You say: “Health chiefs in the area must take account of ambulance response times as part of their consultation into the reconfiguration of stroke services. With the ‘average’ patient from Blean, Whitstable, Herne Bay, Dover, Deal, Sandwich, the CT2 region of Canterbury and all of Thanet being unable to make the William Harvey Hospital within the ‘golden hour’ for stroke treatment, they must look again at how proposed provision can best accommodate successful outcomes for all. We are very worried that a Conservative government led cost-cutting agenda, imposing poor Sustainability and Transformation Partnerships on hospital trusts across the UK is putting money before lives.”
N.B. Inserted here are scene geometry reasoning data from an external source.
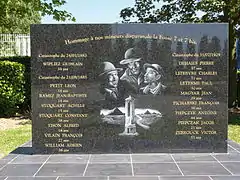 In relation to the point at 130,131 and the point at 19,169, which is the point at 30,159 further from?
the point at 130,131

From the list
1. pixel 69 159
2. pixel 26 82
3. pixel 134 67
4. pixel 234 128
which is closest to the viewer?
pixel 69 159

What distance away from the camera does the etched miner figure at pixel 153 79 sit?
600 cm

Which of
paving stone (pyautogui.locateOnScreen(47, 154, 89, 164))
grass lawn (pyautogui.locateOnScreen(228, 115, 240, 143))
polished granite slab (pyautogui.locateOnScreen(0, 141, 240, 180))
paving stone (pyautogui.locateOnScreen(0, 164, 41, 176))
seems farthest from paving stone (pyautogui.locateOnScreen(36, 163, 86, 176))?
grass lawn (pyautogui.locateOnScreen(228, 115, 240, 143))

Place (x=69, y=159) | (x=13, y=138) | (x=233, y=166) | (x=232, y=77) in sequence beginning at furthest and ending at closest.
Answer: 1. (x=232, y=77)
2. (x=13, y=138)
3. (x=69, y=159)
4. (x=233, y=166)

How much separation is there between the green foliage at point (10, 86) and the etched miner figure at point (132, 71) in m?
6.16

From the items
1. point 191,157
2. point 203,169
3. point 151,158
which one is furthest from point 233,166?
point 151,158

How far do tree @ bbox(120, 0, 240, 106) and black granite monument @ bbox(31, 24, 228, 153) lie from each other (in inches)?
221

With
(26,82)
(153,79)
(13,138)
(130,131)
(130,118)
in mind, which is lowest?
(13,138)

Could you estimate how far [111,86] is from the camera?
603 centimetres

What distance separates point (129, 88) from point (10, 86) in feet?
20.5

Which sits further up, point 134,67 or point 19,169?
point 134,67

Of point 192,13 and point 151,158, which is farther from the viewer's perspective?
point 192,13

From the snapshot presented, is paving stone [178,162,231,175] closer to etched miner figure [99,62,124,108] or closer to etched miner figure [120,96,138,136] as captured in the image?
etched miner figure [120,96,138,136]

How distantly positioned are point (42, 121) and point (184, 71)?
7.77ft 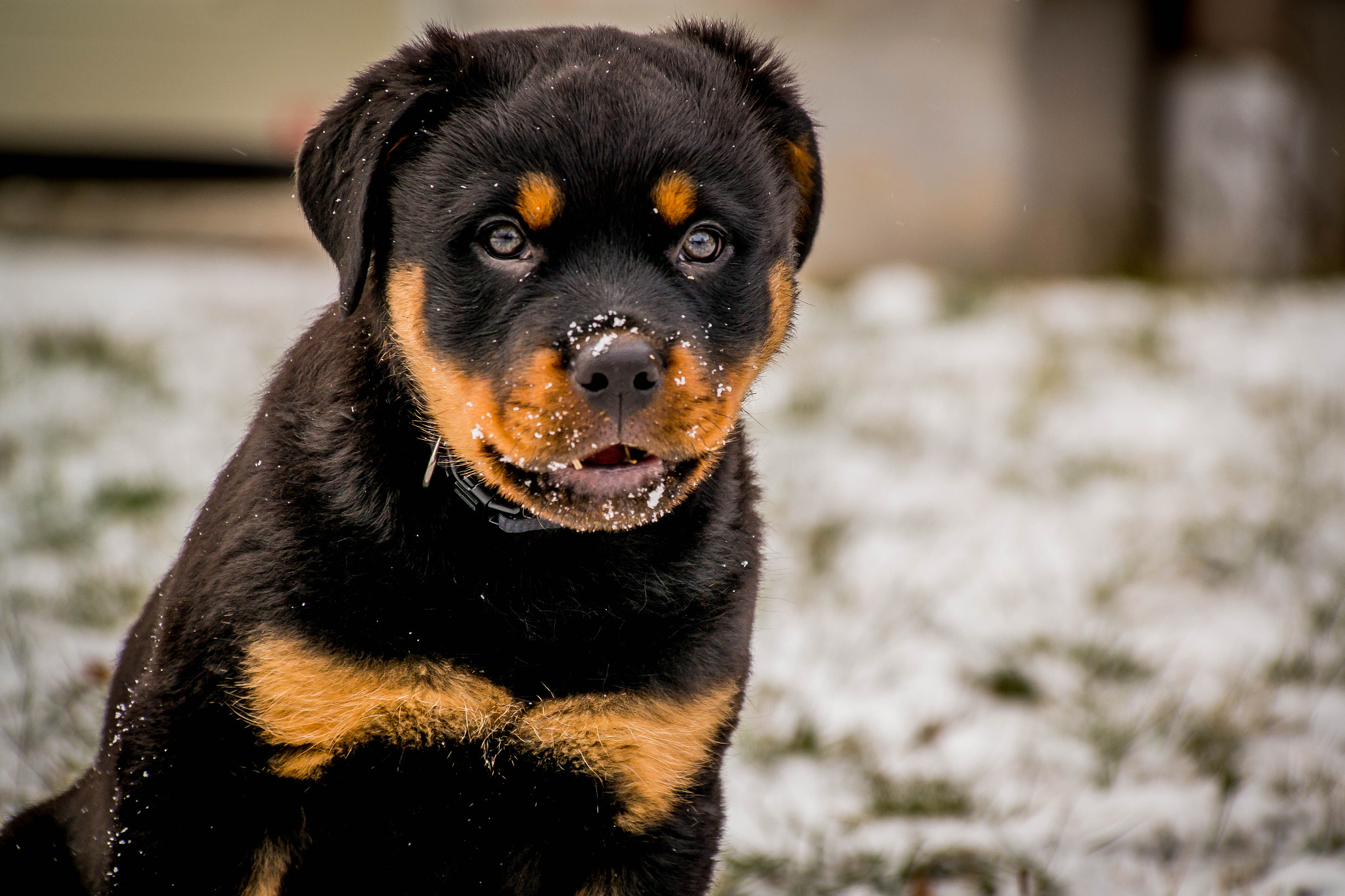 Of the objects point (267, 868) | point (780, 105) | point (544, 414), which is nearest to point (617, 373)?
point (544, 414)

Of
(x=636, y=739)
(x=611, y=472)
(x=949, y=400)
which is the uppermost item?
(x=611, y=472)

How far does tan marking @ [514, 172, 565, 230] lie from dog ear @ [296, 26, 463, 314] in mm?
258

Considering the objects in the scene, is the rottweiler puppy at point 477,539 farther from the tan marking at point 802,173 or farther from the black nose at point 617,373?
the tan marking at point 802,173

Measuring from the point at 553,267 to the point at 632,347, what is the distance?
0.83ft

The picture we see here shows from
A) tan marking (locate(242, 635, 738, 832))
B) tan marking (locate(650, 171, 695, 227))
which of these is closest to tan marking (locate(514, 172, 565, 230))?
tan marking (locate(650, 171, 695, 227))

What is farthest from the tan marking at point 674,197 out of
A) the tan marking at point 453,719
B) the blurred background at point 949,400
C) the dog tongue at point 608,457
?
the blurred background at point 949,400

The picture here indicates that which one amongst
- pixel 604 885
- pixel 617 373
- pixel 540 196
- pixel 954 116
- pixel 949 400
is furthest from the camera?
pixel 954 116

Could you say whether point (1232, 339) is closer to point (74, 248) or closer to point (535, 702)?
point (535, 702)

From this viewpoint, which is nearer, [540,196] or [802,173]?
[540,196]

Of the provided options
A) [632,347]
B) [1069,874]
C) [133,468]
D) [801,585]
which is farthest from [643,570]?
[133,468]

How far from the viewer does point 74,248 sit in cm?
770

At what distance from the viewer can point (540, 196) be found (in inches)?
81.9

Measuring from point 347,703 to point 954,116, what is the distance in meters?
6.77

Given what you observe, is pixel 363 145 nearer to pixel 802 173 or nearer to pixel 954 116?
pixel 802 173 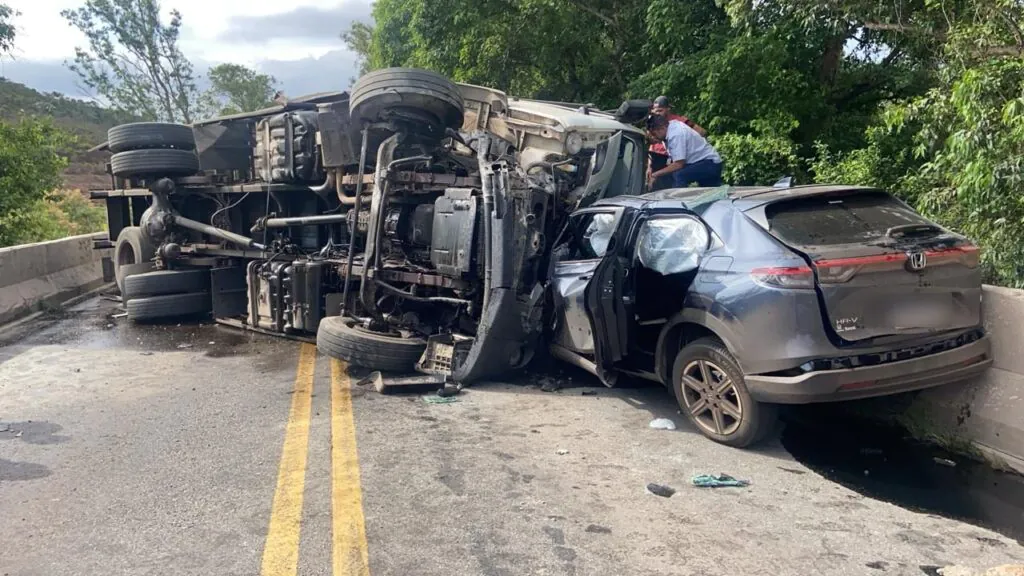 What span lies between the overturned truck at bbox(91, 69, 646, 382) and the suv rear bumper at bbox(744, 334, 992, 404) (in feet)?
7.71

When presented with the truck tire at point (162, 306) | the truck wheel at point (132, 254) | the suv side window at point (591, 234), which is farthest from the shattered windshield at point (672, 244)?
the truck wheel at point (132, 254)

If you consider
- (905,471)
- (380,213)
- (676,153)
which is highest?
(676,153)

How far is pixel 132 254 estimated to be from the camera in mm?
11023

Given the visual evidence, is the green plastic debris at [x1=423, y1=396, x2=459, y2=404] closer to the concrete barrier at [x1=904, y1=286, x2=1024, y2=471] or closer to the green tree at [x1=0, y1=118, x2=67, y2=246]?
the concrete barrier at [x1=904, y1=286, x2=1024, y2=471]

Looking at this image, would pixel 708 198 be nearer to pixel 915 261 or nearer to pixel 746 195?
pixel 746 195

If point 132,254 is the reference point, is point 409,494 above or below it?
below

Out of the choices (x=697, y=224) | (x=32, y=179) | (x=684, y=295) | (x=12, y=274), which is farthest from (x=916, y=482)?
(x=32, y=179)

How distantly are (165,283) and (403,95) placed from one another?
475 centimetres

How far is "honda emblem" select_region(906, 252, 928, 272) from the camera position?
14.2ft

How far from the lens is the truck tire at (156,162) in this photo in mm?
9953

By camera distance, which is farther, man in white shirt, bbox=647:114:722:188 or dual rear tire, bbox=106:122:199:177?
Result: dual rear tire, bbox=106:122:199:177

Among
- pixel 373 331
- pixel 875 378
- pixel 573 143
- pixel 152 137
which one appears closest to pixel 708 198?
pixel 875 378

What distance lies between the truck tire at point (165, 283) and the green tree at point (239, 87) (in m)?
43.5

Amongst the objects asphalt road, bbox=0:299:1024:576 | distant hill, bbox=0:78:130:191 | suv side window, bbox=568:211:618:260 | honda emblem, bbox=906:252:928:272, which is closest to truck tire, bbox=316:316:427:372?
asphalt road, bbox=0:299:1024:576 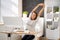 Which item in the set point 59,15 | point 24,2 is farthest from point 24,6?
point 59,15

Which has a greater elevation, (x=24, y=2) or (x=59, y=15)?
(x=24, y=2)

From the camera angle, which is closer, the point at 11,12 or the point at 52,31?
the point at 52,31

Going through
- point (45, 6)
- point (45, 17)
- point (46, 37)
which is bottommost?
point (46, 37)

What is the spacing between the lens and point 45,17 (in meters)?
5.24

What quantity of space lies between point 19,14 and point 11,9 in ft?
1.15

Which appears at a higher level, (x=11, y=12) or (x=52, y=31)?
(x=11, y=12)

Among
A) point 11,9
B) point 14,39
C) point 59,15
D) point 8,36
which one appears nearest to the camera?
→ point 8,36

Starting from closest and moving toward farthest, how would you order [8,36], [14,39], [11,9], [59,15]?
[8,36] → [14,39] → [59,15] → [11,9]

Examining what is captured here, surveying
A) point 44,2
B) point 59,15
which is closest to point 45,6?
point 44,2

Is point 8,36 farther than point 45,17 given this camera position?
No

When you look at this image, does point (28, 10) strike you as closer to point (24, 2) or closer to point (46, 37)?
point (24, 2)

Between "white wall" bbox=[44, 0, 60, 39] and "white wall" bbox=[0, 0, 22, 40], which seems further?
"white wall" bbox=[0, 0, 22, 40]

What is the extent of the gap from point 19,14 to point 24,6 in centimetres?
41

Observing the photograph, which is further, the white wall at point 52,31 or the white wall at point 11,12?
the white wall at point 11,12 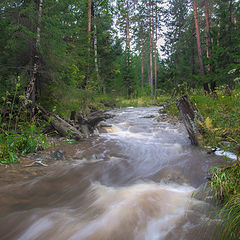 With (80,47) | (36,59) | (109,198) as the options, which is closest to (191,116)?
(109,198)

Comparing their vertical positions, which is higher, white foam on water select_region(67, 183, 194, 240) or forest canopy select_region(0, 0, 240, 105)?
forest canopy select_region(0, 0, 240, 105)

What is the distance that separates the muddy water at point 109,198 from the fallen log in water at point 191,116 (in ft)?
1.25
Again, we ask you to clarify that there is no golden hour – it is about achieving the South East best practice standard of access within 120 minutes to treatment for blood clots, for those patients who need them. Currently, only half the patients in Kent and Medway who need it get thrombolysis within the recommended time because patients are taken to busy A&Es where they may wait to be seen. This would not be the case with dedicated hyper acute stroke units with sufficient staff and scanning facilities to meet patients as ambulances arrive, and speed them through for their brain scan.

In addition, for all stroke patients including the 80 to 90 per cent for whom clot-busting drugs are not appropriate, the most significant factor to support their recovery is being treated in a hyper acute stroke unit, particularly in the first 72 hours after their stroke, with a specialist team of doctors, nurses and therapists able to give them intensive therapy, care and treatment 24 hours a day, seven days a week. We know from the evidence that this is the influential factor in reducing long-term disability and enhancing recovery.

It is worth highlighting that, while South East Coast Ambulance Service (SECAmb) is facing challenges and is working hard to improve, in December 2017 it was ranked second best in the country for the new ‘Category two’ calls, which include calls to acute stroke patients in need of time-critical treatment. Furthermore, the stroke review business case includes £1million investment for SECAmb as part of a detailed implementation plan for the stroke proposals involving up to £40million of investment. Implementation would not be ‘overnight’ but over at least 12 to 18 months from the date of the decision on the future shape of hospital-based urgent stroke services in Kent and Medway, which is expected this autumn.

We hope you find this information helpful. Please contact us at km.stroke@nhs.net if you would like further detail on stroke services or the stroke consultation.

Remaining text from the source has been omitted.